WebApp Functions Guide
Document information
- Canonical URL:
/docs/05_apps-webhooks-and-surfaces/16_webapp-functions-guide - Version:
2026-05-08 - Tags:
webapps,scripting,reference
This guide explains the core functions and services available when your WebApp or ProcessFlow step runs code in Tealfabric. It focuses on practical patterns you can use immediately: reading request input, querying tenant-scoped data, calling integrations, and returning reliable responses. The safest baseline is to prefer tenant-aware services such as tenantDb and integration so security and operational controls are applied by default.

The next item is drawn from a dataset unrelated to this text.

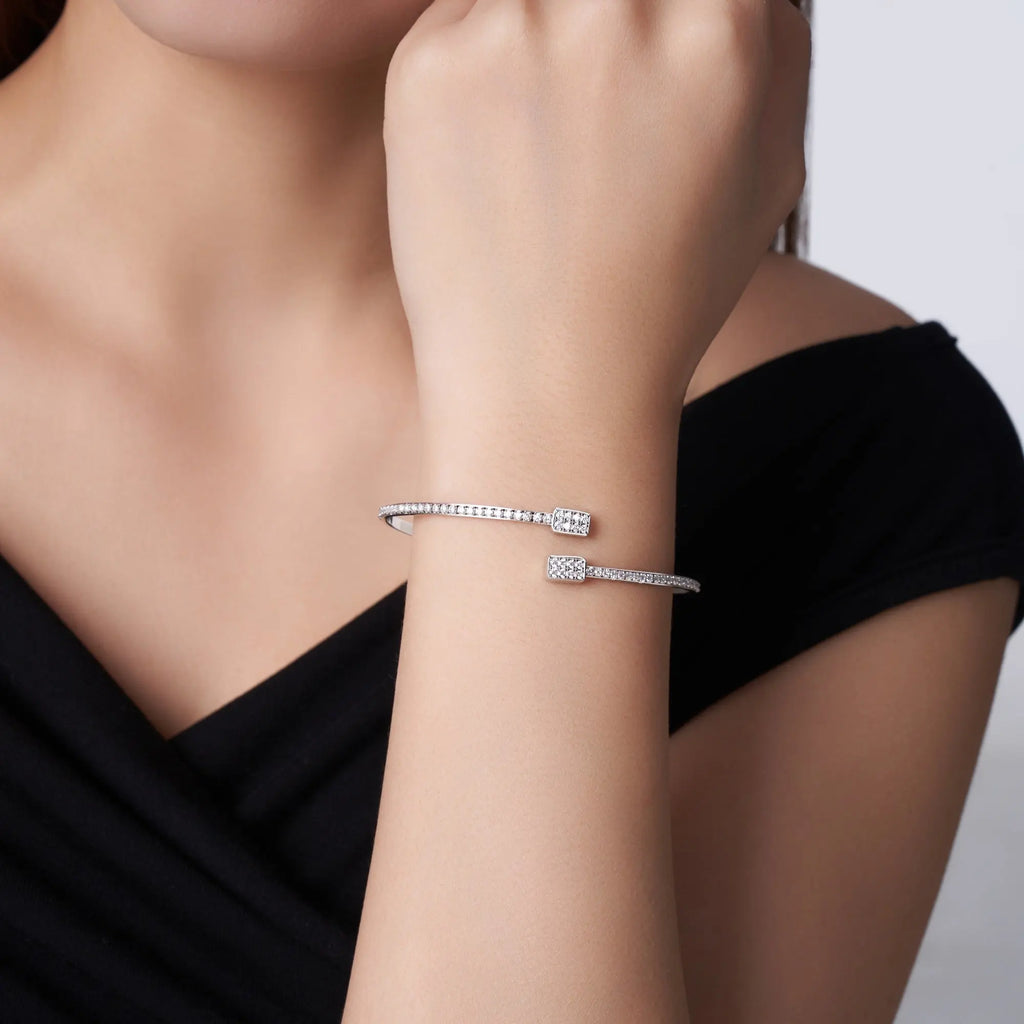 A Luxurious And Fashionable Minimalist Jewelry Bracelet Featuring Top-quality Moissanite, Made Of S925 Silver Electroplated With Platinum. - N&P Colletion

Understand the execution context
When a WebApp-triggered process runs, Tealfabric injects context variables so your code can work with request payloads and platform services without bootstrapping infrastructure. Common inputs include process_input for normalized request data and raw_input for signature verification workflows. You also receive runtime context values such as tenant_id and user_id, which help you record actions and enforce business rules.
For HTTP metadata, use WebApp-provided variables such as http_headers, request_method, and request_uri rather than server globals. This keeps your code compatible with platform security boundaries and avoids blocked runtime functions. In practice, this means your step logic remains portable across trigger types and deployment environments.

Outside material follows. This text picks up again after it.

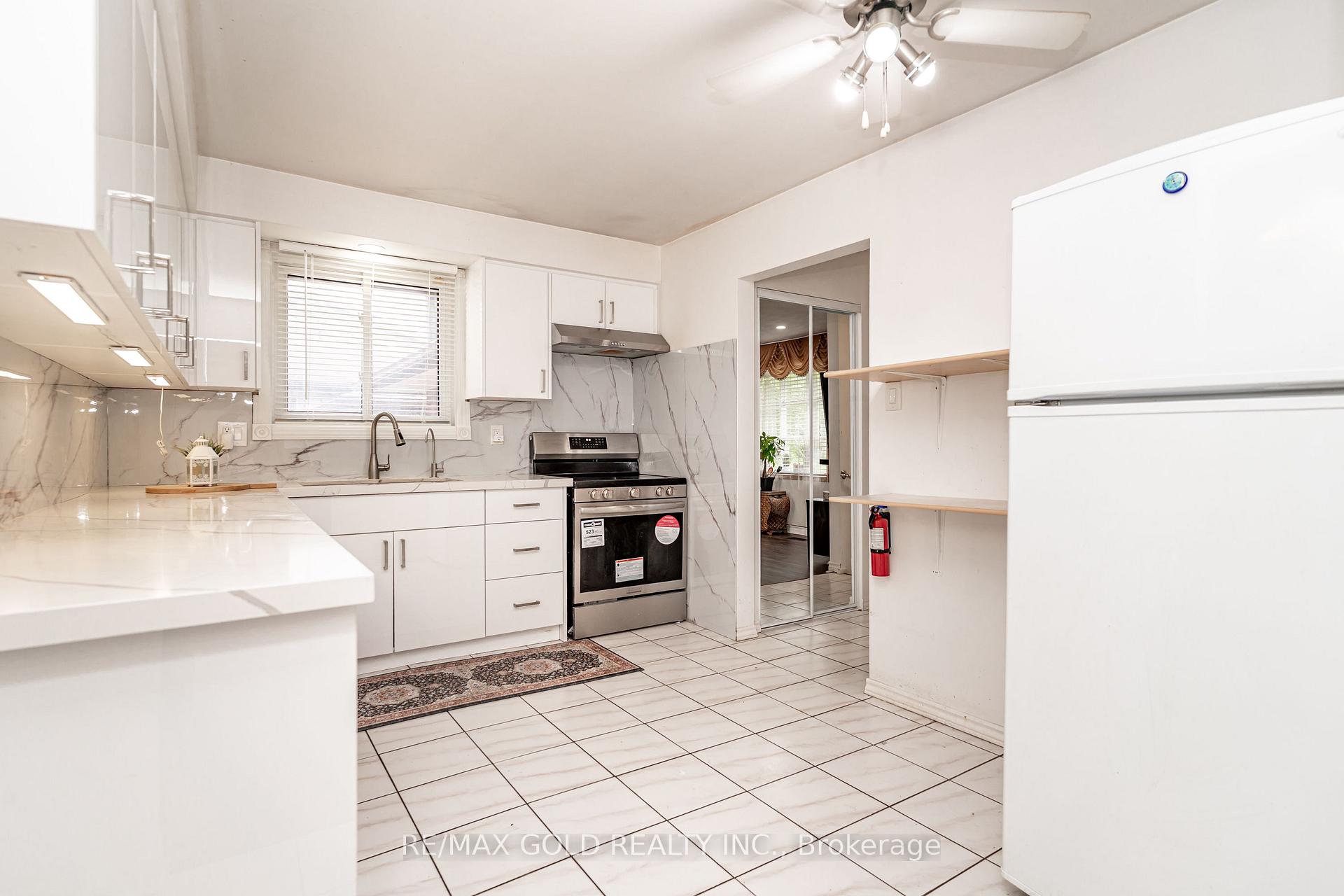 Photo 14 of 55 Ramblewood Way, Kitchener, Forest Heights — HOMEH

Use tenant-safe services by default
Most production workflows should use tenantDb instead of raw db. The tenant database service automatically scopes reads and writes to the active tenant, which reduces leakage risk and simplifies query logic. For external systems, prefer integration over deprecated connectors so retries, rate controls, and execution tracking stay consistent.
type Customer = { customer_id: string; email: string; status: string };
async function loadActiveCustomer(email: string): Promise<Customer | null> {
const rows = await tenantDb.query(
"SELECT customer_id, email, status FROM Customers WHERE email = ? AND status = ?",
[email, "active"],
);
return rows.length > 0 ? (rows[0] as Customer) : null;
}Orchestrate integrations and notifications
Use integration.executeSync() for short calls where the current step needs an immediate result, and integration.executeAsync() when the task may run longer or should be queued. Pair integration outcomes with notifications so users get clear feedback when actions succeed or require attention. This combination is useful for CRM updates, payment confirmation flows, and approval routing.

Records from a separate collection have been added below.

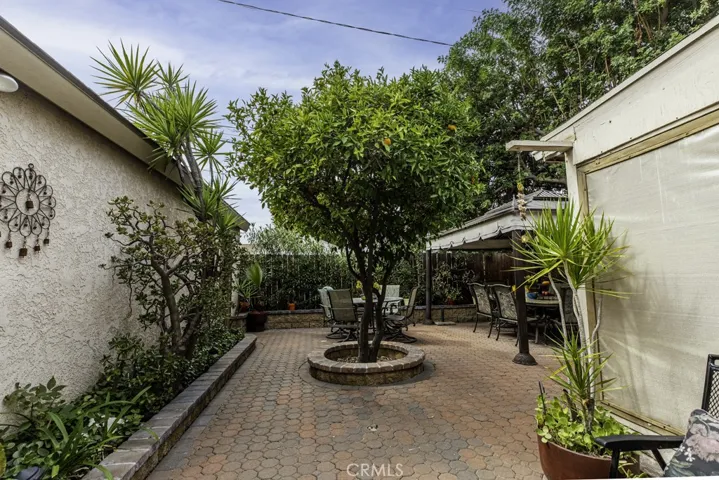 10909 Newgate Avenue, Whittier, California 90605
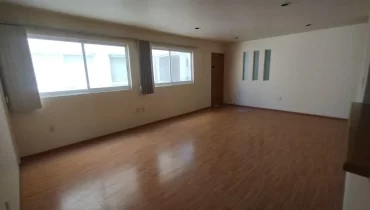 Depto amplio, iluminado, a un Lado de Satélite y Mundo E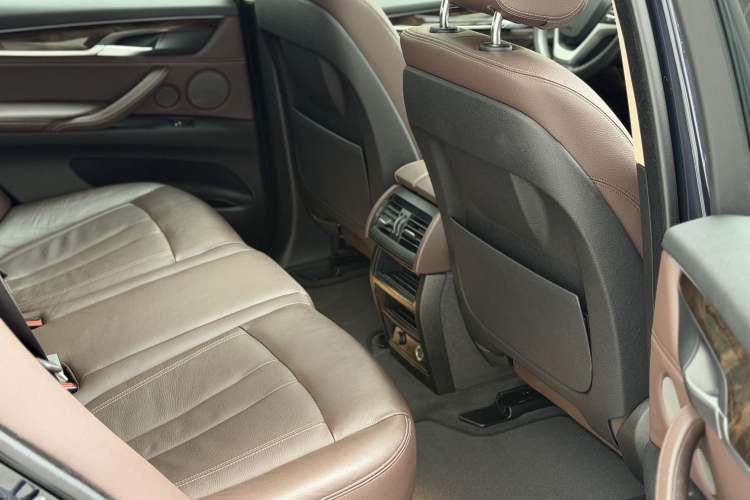 Used BMW X5 2018 xDrive35i Elegant Edition Interior 6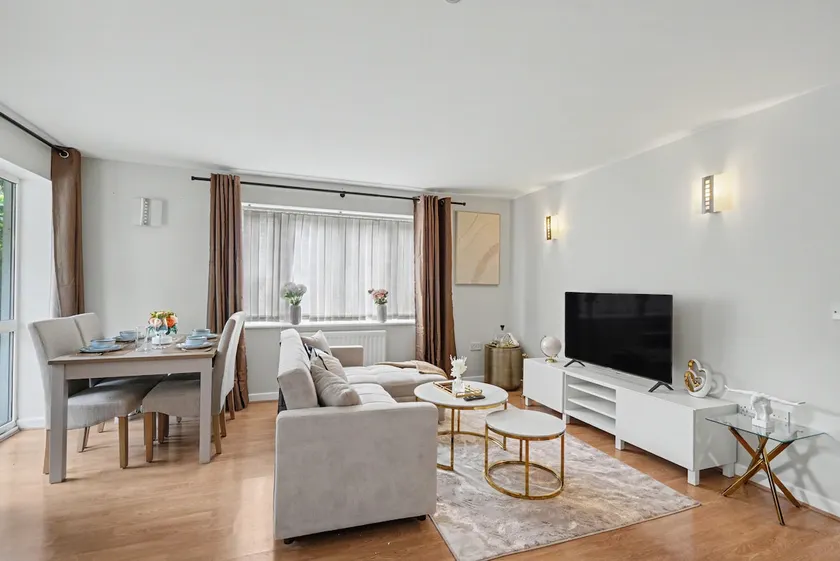 Apartment in Canary Wharf - Image 1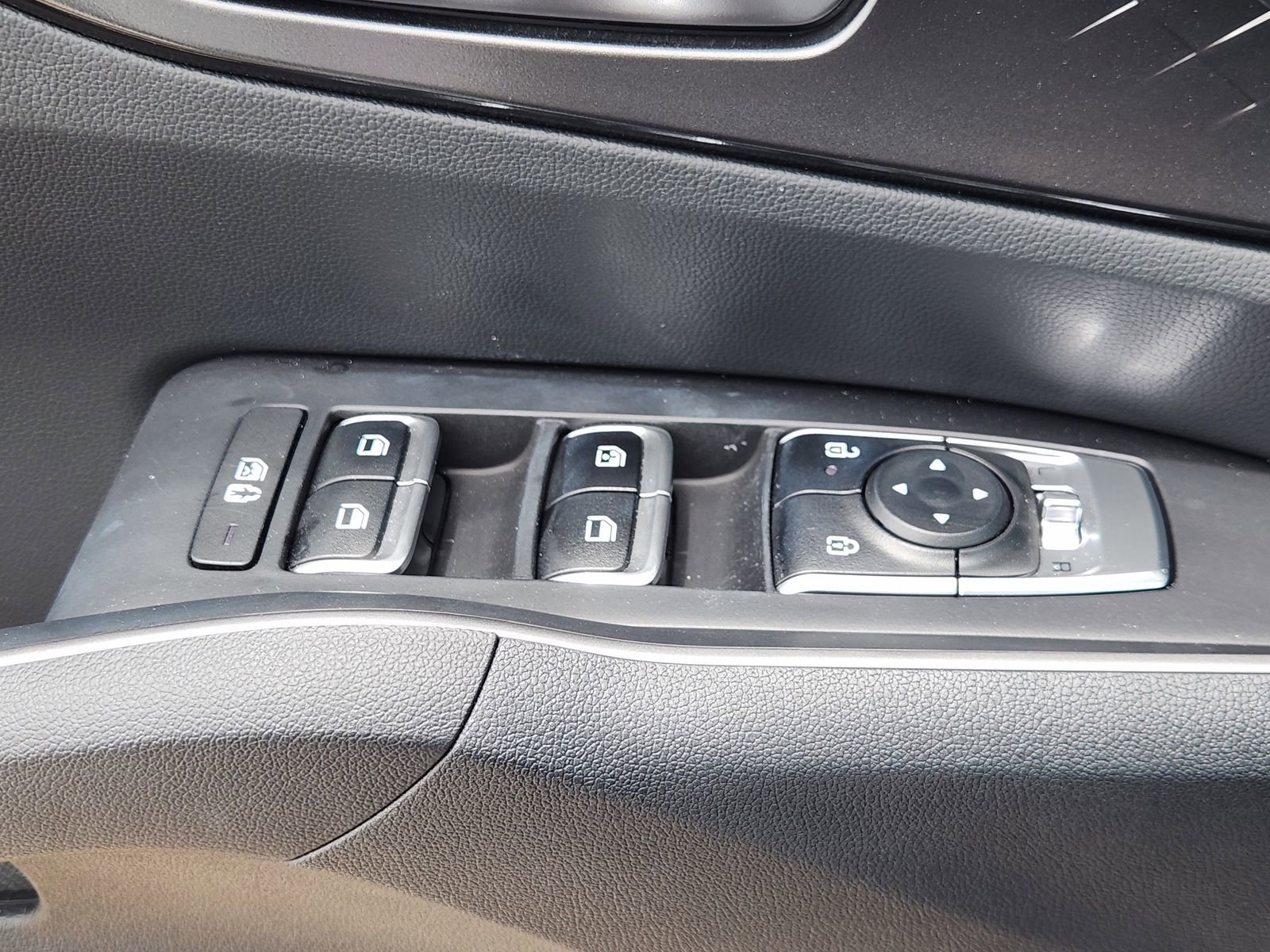 Used 2025 Kia Sorento LX FWD image 27
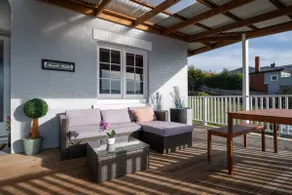 Monte-Vista: Minutes to the City Views & Parking - Image 2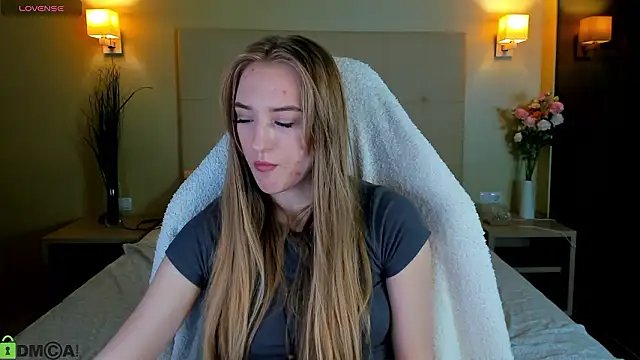 Stacy_River 现场XXX聊天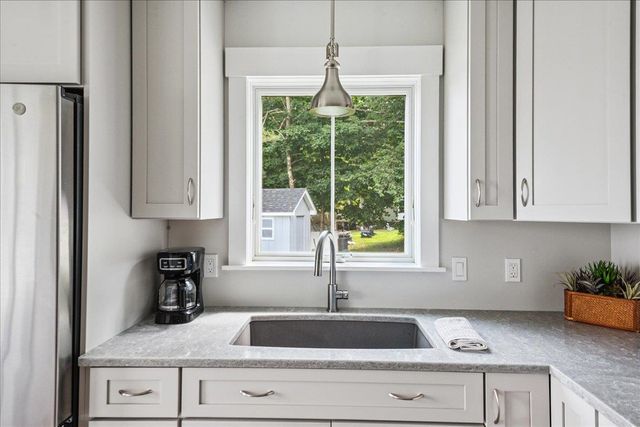 54 Richards Road, South Hero, VT 05486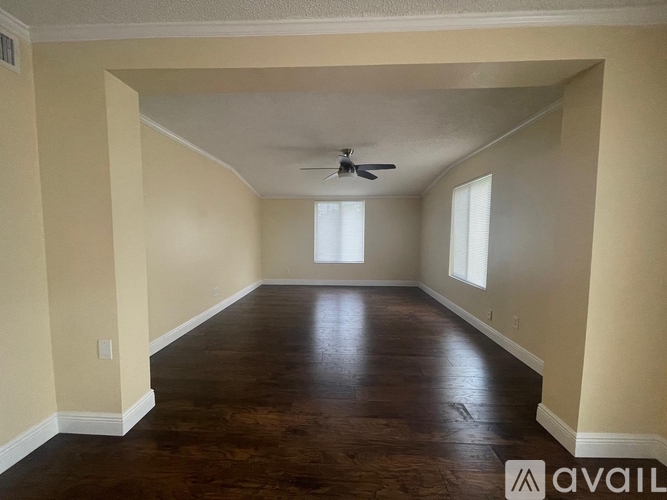 3400 Coachlight Dr 3 Beds Single Family Home for Rent - Photo gallery 4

Call APIs with explicit request contracts
If your WebApp logic needs direct HTTP calls, api supports predictable request patterns. Define required headers, validate response status, and return structured output so downstream steps can rely on stable fields. The example below shows a tenant-scoped webhook dispatch contract.
curl -X POST "https://api.example.com/api/v1/webapps/functions/dispatch" \
-H "X-API-Key: <API_KEY>" \
-H "X-Tenant-ID: <TENANT_ID>" \
-H "Content-Type: application/json" \
-d '{
"event_type": "order_confirmed",
"entity_id": "<ENTITY_ID>",
"payload": {
"channel": "email",
"priority": "normal"
}
}'
{
"success": true,
"data": {
"execution_id": "exec_9f2a4f2a",
"status": "queued",
"event_type": "order_confirmed"
}
}
Return responses that are easy to consume
Use a consistent response envelope so each step can be chained reliably. A practical shape is success, optional data, and optional error with machine-readable codes. This keeps troubleshooting straightforward for both users and operators and avoids brittle parsing in downstream automation.
Avoid common mistakes
The most frequent issues are missing input validation, using deprecated connectors, and bypassing tenant-safe database access. Another recurring problem is returning inconsistent response fields across success and error paths. Standardizing these basics improves reliability more than adding complexity.
See also
WebApp functions are most effective when you treat them as a secure orchestration layer, not just a scripting surface. With tenant-safe data access, managed integrations, and predictable response contracts, you can build workflows that scale without sacrificing control.